Keeping that in mind, allow me to reintroduce myself. I am Barinaale Dube, Cultural History Fellow, turned Cultural History Interpreter. I feel like my extended presence at the preserve is a very apt description of the nature of the work. It quite literally draws you in.
One of the pinnacles of our then fellowship and now gainful employment has been the hike. Considering that the entirety of this work has occurred during the first global pandemic in at least a 100 years, it was a relatively safe way to take lovers of the Preserve, people in the community, and life-long learners on this journey with us. Participants sign up online, meet us at the trailhead, and then we literally walk some of the same paths that the families we are researching once did. We stop at cemeteries, still-standing structures, and man-made landmarks to discuss the details of their daily lives. All while discussing a range of topics that either connect us to these families, one another, or a combination of the two. It constantly amazes me how much I learn every time I lead a hike. Because we freely offer up this information, people are encouraged to offer their own experiences and wisdom back, or even include us in various projects or programs.
This concept of “taking people along with us” has always been a foundational pillar of this work for me. There are millions of inaccessible journals, research reports, books and textbooks filled with either antiquated or indecipherable historical information. There are hundreds of classes and conferences constructed to bounce the same schools of thoughts amongst people. Some of the most persistent history that the average person has access to today, is oral.

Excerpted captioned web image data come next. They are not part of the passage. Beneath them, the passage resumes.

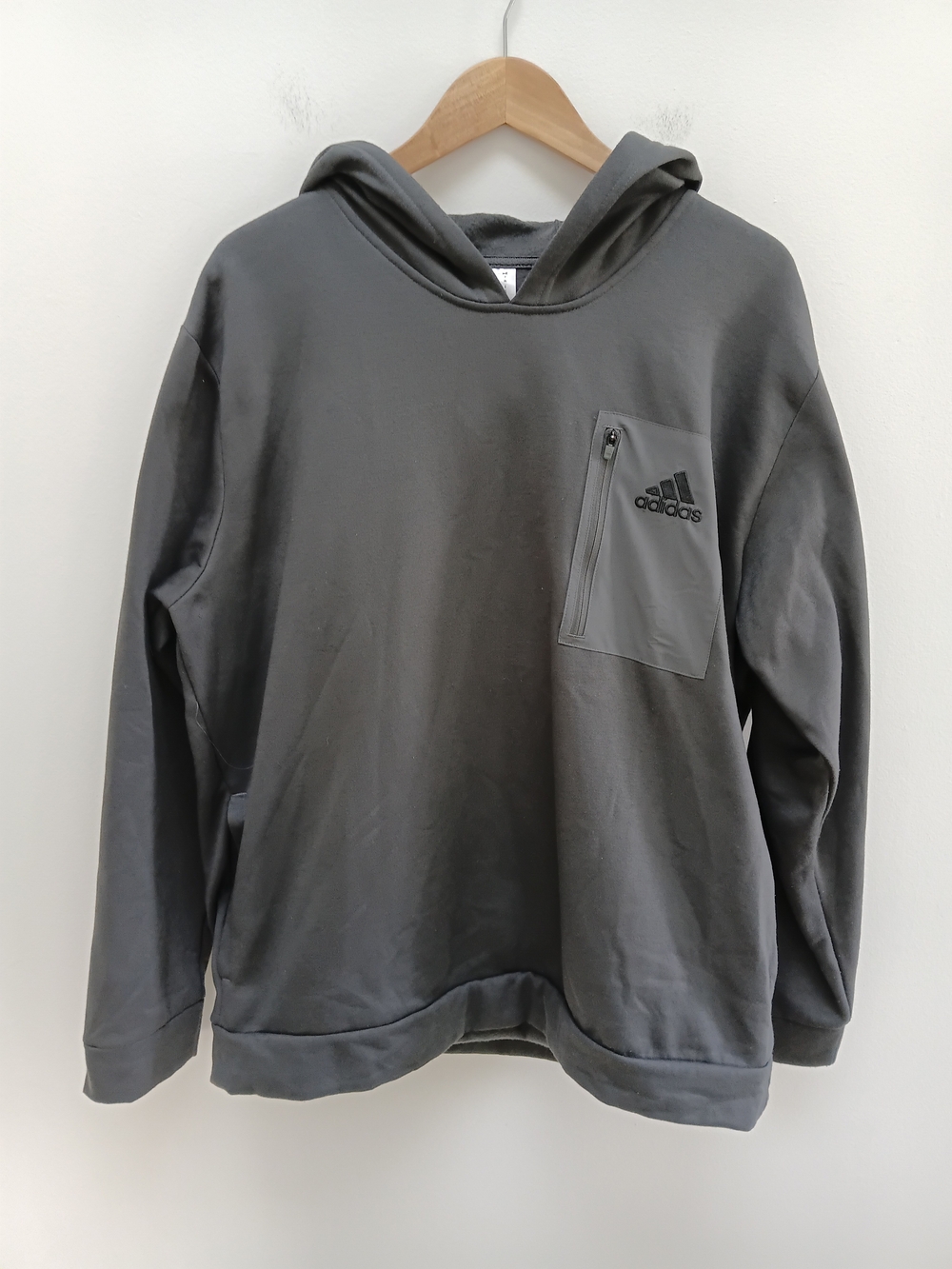 Adidas Men’s Dark Gray Pullover  Hoodie Sweatshirt with Zip Chest Pocket Size XL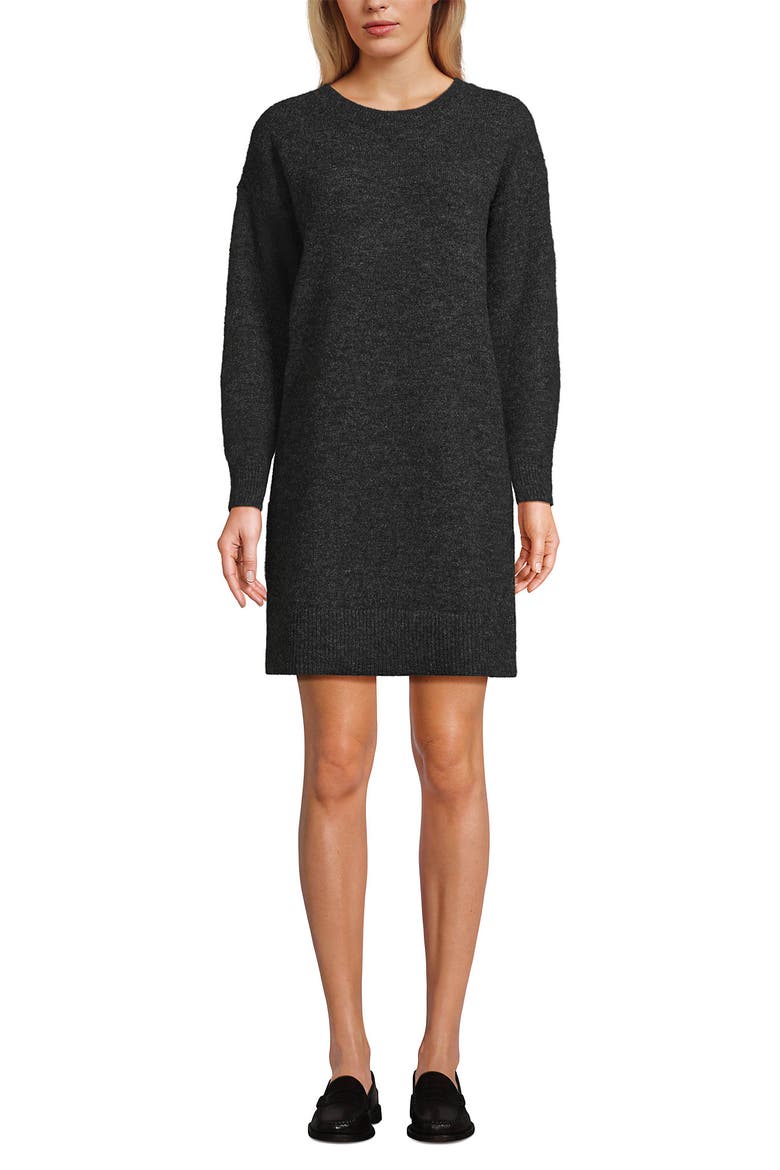 Fuzzy Bow Back Mini Sweater Dress, Main, color, Dark Charcoal Heather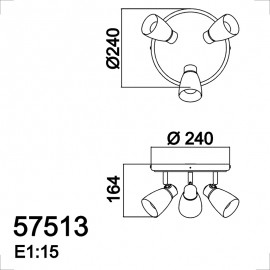 Mdc Foco Doppia B3 3Xg9 C.Br-Trans-Opal Ip44 5-7513-30-01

I couldn’t tell you what 3rd grade textbook I learned about Christopher Columbus in, but I can tell you that in fourteen hundred ninety-two, Columbus sailed the ocean blue. That history was passed down to me orally. In that same way to preserve resources and maximize engagement, there are no pamphlets or fact sheets distributed on our hikes. Everything offered up, is discussed, dissected, and directed back to us in words and ways that will help it stick in our minds.
Between my cultural information, Summers’ geo-spatial analysis, and Joe’s biological insights, we have really been able to offer a very immersive experience. One of the benefits of this being a state-protected preserve, is the ability to offer the experience and the entirety of the south-section of the Preserve freely.
On the hike, when I discuss colonial-capitalistic concepts of ownership, specifically in regards to land, it helps shine light on these notions of nationality that we’ve constructed. I believe it is very important to constantly assert that we are only stewards of this land and information. That is the belief of the people who ancestrally occupied this space, and it also was the belief of the Black people who lived on the mountains as well. That every exchange does not have to be commodified or have a monetary component.
This has really rung true. For Langston, a nine-year old participant on one of our hikes, he really got more than be bargained for. What he probably thought would just be a hike in the woods with his grandmother turned out to be a very rich adventure where he could, “make a friend just by walking together”. That is our continual hope, that as we look back in time at our ancestors or members in our community, we’ll be able to take care of not only the earth, but each other better through what we’ve learned to adopt or lay by the wayside. That these Black/African American hikes at the Preserve offer cultural lessons that have contemporary value that can improve the way we live in community with one another.
That is the beauty of this journey; it’s all open to interpretation.